**TASK STATEMENT**
Every line of the data should be written out exactly, with the pictures left out.

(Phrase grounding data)
Start of Block

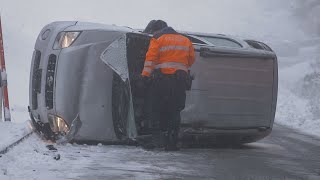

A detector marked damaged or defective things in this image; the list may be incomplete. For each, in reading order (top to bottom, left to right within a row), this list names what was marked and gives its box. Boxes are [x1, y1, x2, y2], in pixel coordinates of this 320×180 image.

overturned car [28, 21, 278, 145]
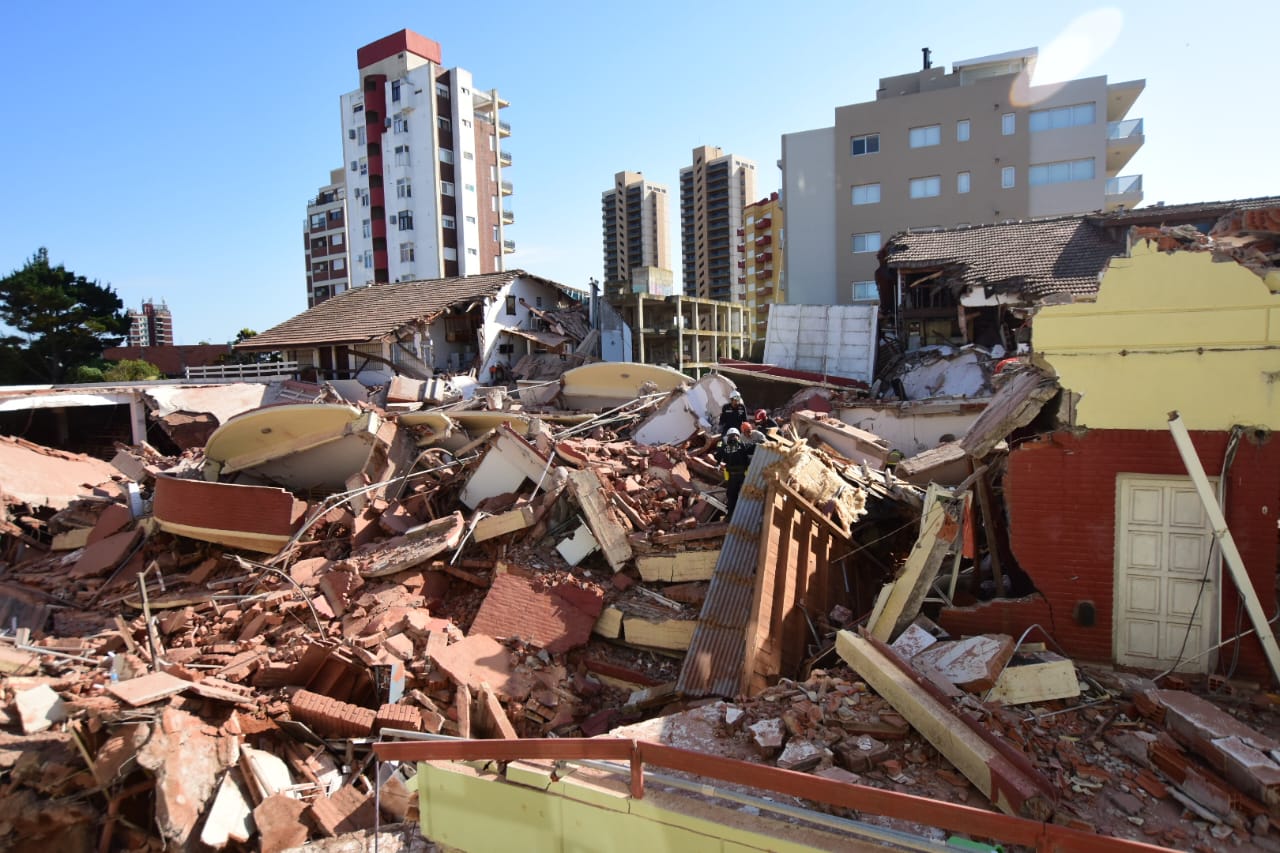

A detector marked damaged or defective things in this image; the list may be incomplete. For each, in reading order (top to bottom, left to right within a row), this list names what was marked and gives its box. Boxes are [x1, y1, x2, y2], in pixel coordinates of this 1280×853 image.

broken ceiling slab [556, 360, 684, 412]
broken ceiling slab [0, 436, 120, 510]
broken ceiling slab [151, 472, 306, 552]
broken ceiling slab [460, 424, 556, 510]
broken ceiling slab [470, 572, 604, 652]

End of Block

**TASK SOLUTION**
A detector marked damaged or defective things in this image; the list may be incomplete. For each, in reading order (top to bottom, left to right within a row), this list names what was marked and gives its box. Boxes are [x1, y1, x2, y2], in pixel coordinates of this 320×180 image.

overturned car [28, 21, 278, 145]

A detector marked damaged or defective things in this image; the list may be incomplete. For each, in reading order (top to bottom, left to right within a row), this list names what was marked and gives its box. Boxes are [x1, y1, x2, y2], in pixel coordinates of this 1280×853 image.

broken ceiling slab [556, 360, 684, 412]
broken ceiling slab [0, 436, 120, 510]
broken ceiling slab [151, 472, 306, 552]
broken ceiling slab [460, 424, 556, 510]
broken ceiling slab [470, 572, 604, 652]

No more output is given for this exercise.